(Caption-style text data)
* * * * *

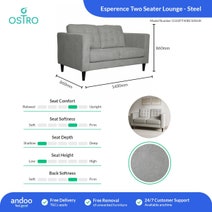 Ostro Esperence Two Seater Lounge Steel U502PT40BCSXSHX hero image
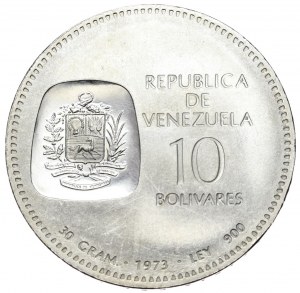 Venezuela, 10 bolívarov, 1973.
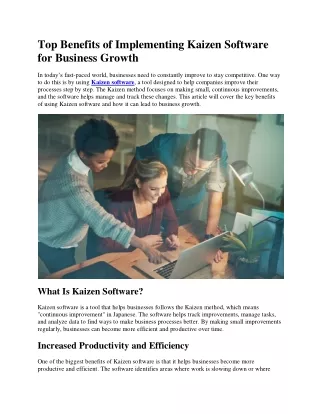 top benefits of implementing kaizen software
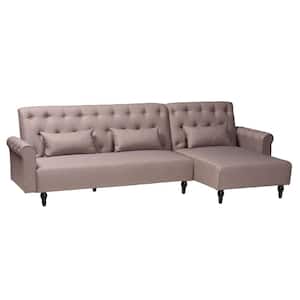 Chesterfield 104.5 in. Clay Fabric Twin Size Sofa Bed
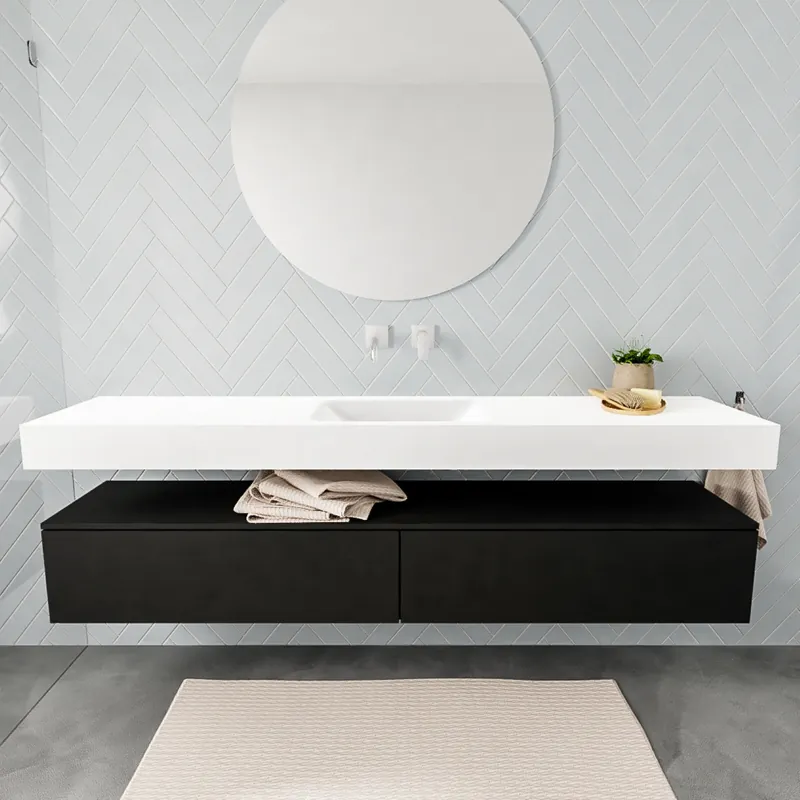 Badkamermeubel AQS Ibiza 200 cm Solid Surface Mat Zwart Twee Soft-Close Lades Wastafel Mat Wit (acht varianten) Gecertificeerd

* * * * *

**TASK DESCRIPTION**
Reproduce the entries above exactly, without images.

**RESPONSE TO THE EXERCISE**
 Ostro Esperence Two Seater Lounge Steel U502PT40BCSXSHX hero image
 Venezuela, 10 bolívarov, 1973.
 top benefits of implementing kaizen software
 Chesterfield 104.5 in. Clay Fabric Twin Size Sofa Bed
 Badkamermeubel AQS Ibiza 200 cm Solid Surface Mat Zwart Twee Soft-Close Lades Wastafel Mat Wit (acht varianten) Gecertificeerd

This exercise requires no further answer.